The metal-organic framework desirably has crystalline properties. From the perspective of facilitating the manufacturing of a metal-organic framework having crystalline properties or being highly crystalline, an inhibitor capable of controlling the surface energy during crystal growth, such as an organic acid such as acetic acid, or benzoic acid, can be employed. However, a metal-organic framework that has crystalline properties or is highly crystalline can be manufactured without use of an inhibitor. The presence of crystalline properties can be confirmed by observing the diffraction pattern in X-ray diffraction.

The metal-organic framework is a porous substance having nano-order pores. The size of the pores is controlled by means of the length of the organic ligands in the lengthwise direction (the distance between coordinating functional groups present on the organic ligands). Specifically, the pore diameter, for example, falls within a range of 0.1 to 10 nm, a range of 0.1 to 5 nm, a range of 0.1 to 3 nm, a range of 0.1 to 2 nm, or a range of 0.1 to 1 nm. Taking into account the size of the guest molecules trapped in the composite of the present invention, suitable adjustment can be achieved through selection of the organic ligands.

The metal-organic framework is a powder or particulate material. The diameter of the particles, for example, falls within a range of from 1 nm to 5 mm, within a range of 10 nm to 4 mm, within a range of 30 nm to 3 mm, or within a range of 50 nm to 2 mm. The particle diameter of the metal-organic framework can be controlled over a broad range through selection of the synthesis conditions. A small size in the form of nano-order particles can be achieved, while a large size in the form of milli-order particles can be achieved.

The metal-organic framework/stimulus-responsive polymer composite of the present invention is a metal-organic framework/stimulus-responsive polymer composite in which a stimulus-responsive polymer is immobilized on at least a part of the surface of the metal-organic framework.

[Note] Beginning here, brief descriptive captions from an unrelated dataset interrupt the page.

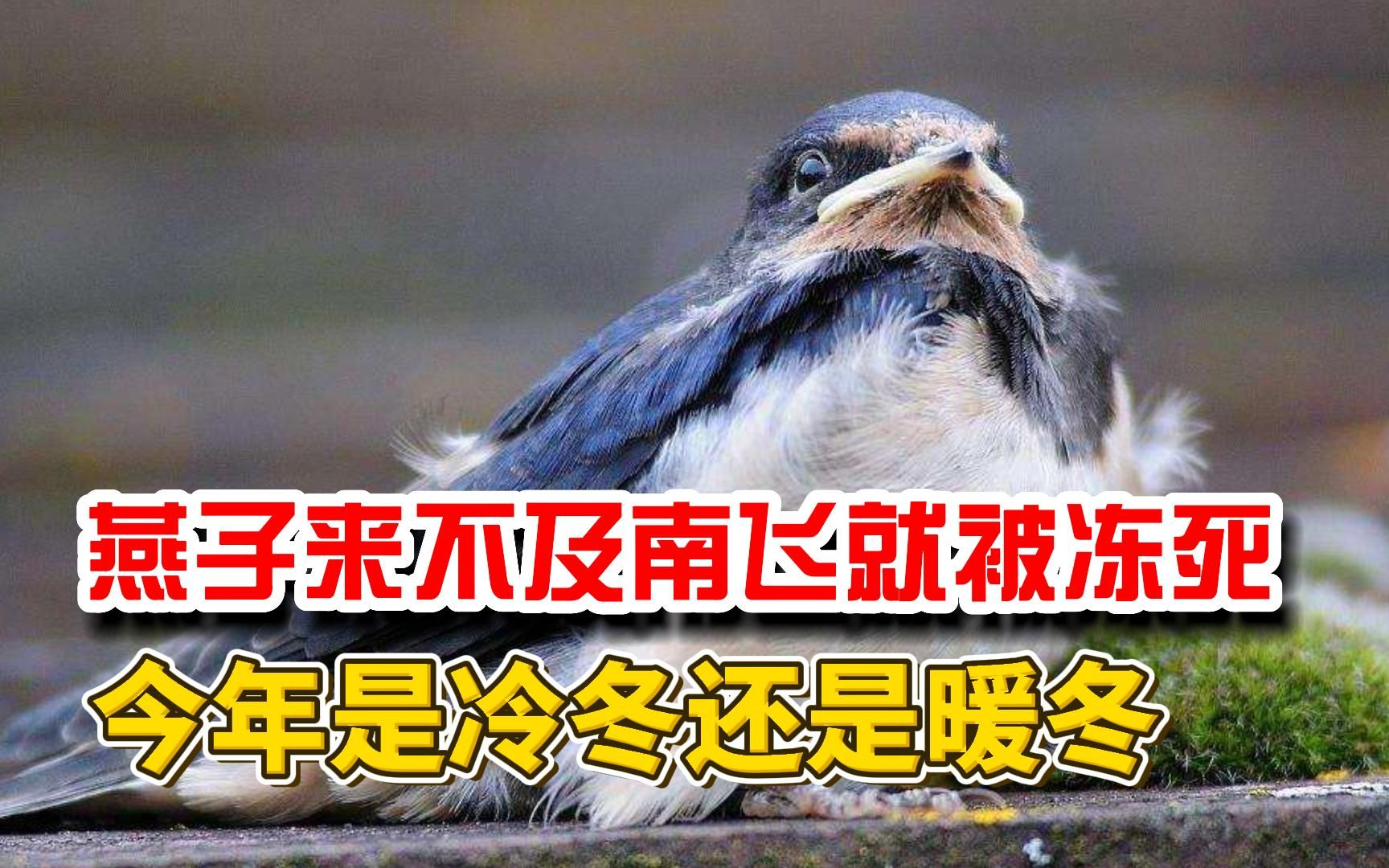 [图]北方燕子来不及南飞，就被冻死，今年是冷冬还是暖冬？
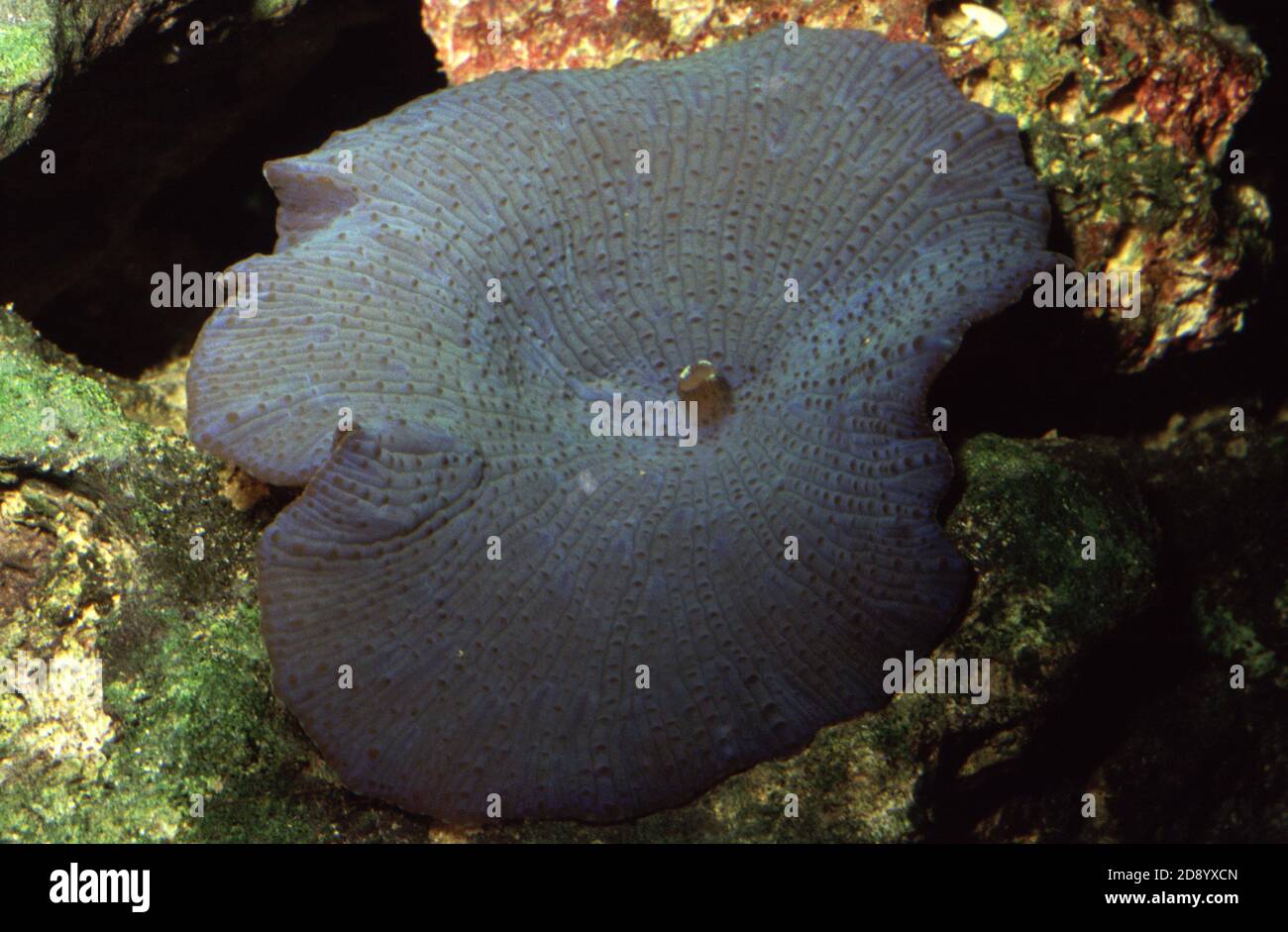 Discosoma is a genus of cnidarians in the order Corallimorpharia. Common names include mushroom anemone, disc anemone and elephant ear mushroom Stock Photo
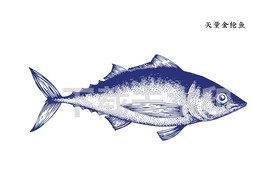 矢量线描手绘金枪鱼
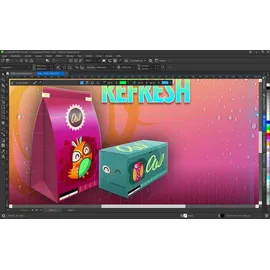 Corel CorelDRAW Graphics Suite 2021 Special Edition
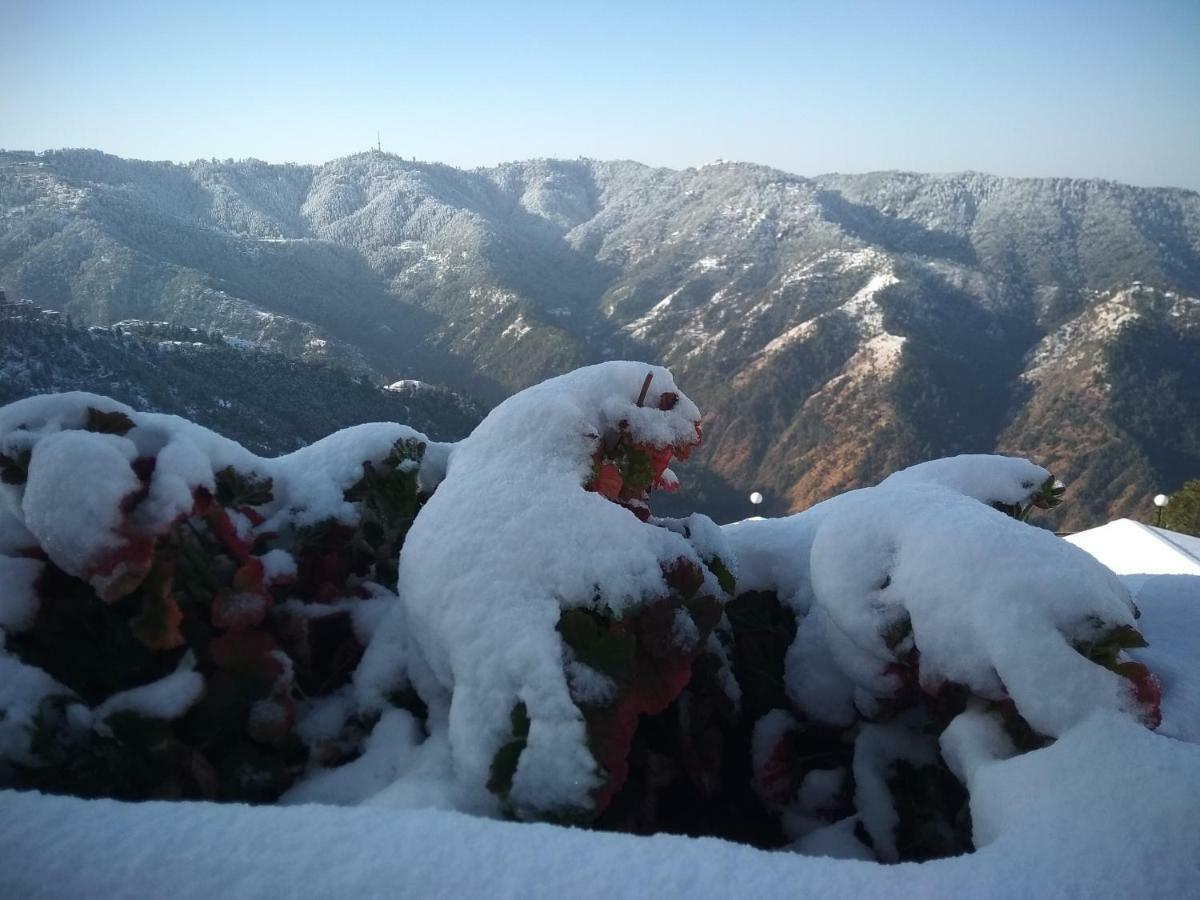 Spangle Heights Shimla, Suites And Residences Εξωτερικό φωτογραφία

The temperature-responsive polymer is generally a polymer the solubility in water of which changes dramatically with changes in temperature. Such polymers come in types: the LCST type, which is soluble in water at low temperatures but becomes insoluble when the temperature is raised to a certain level (the lower critical solution temperature: LCST) and the UCST type, which is soluble in water at elevated temperatures but becomes insoluble when the temperature is increased to a certain level (the upper critical solution temperature: UCST). The average molecular weight of the temperature-responsive polymer is not specifically limited. By way of example, the number average molecular weight falls within a range of 1,000 to 30,000, desirably within a range of 1,000 to 20,000, preferably within a range of 1,000 to 10,000, more preferably within a range of 1,000 to 8,000, and optimally, within a range of 1,000 to 5.000. However, no restriction to within these ranges is intended. The average molecular weight of the temperature-responsive polymer can be measured, for example, by GPC (chloroform).

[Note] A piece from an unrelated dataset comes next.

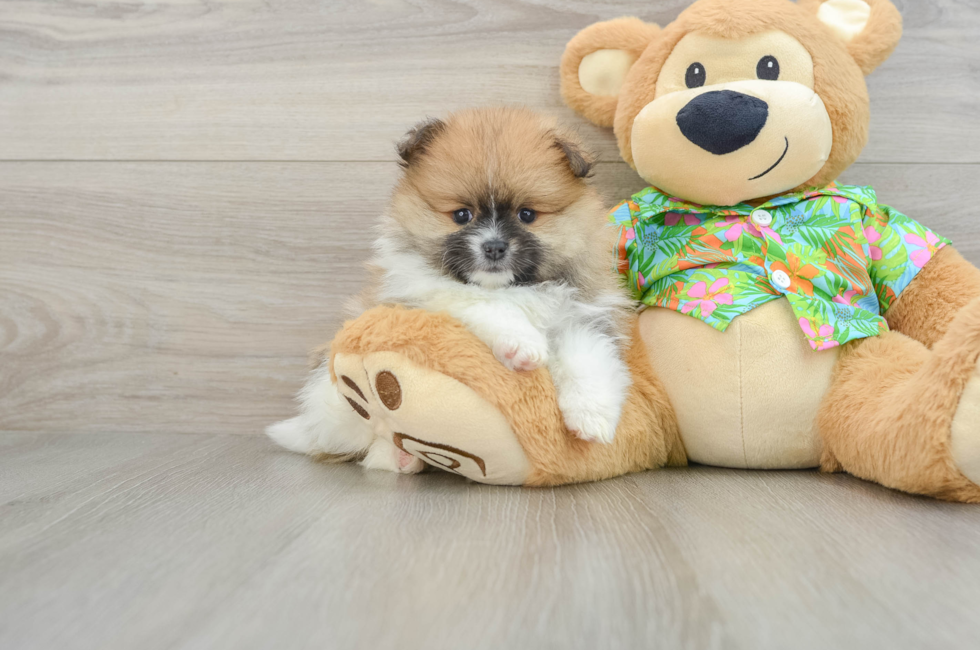 5 week old Pomeranian Puppy For Sale - Seaside Pups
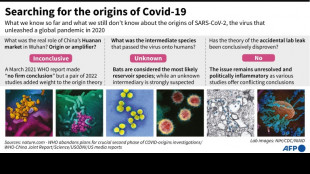 WHO urges countries to come clean on Covid origins intel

Examples of known LCST-type temperature-responsive polymers are poly(N-alkylacrylamide), poly(N-alkylmethacrylamide), poly(N-vinylalkylacrylamide), poly(N-vinylmethacrylamide), polyvinyl alkyl ether, and polyethylene glycol/polypropylene glycol block copolymers. Examples of other known LCST-type temperature-responsive polymers are methacrylic acid ester polymers and acrylic acid ester polymers having amino groups, polyethylene glycol derivatives, methacrylic acid ester polymers and acrylic add ester polymers having oligoethylene glycol on side chains, and polyamino adds.

Examples of known UCST-type temperature responsive polymers are polyethylene oxide, poly(vinylmethylether), poly(vinylalcohol), poly(hydroxyethyl methacrylate), poly(uracil acrylate), poly(methylacrylamide)/poly(N-acetylacrylamide) copolymer, poly(N-acryloylasparagine amide), poly(N-acryloylglutaminamide), poly(N-acryloylglucinamide), poly(N-methylacryloylasparginamide, and poly(riboadenylate).

In the present invention, the temperature-responsive polymer is not specifically limited. For example, it can be a poly(N-alkylacrylamide) in the form of a polyacrylamide selected from the group consisting of poly-n-isopropylacrylamide (PNIPAM), poly-n-n-dipropylmethacrylamide, and poly-n-n-diethylacrylamide. Poly-n-isopropylacrylamide (PNIPAM) has an LCST at 32° C., near body temperature, and is thus desirable as a DDS material.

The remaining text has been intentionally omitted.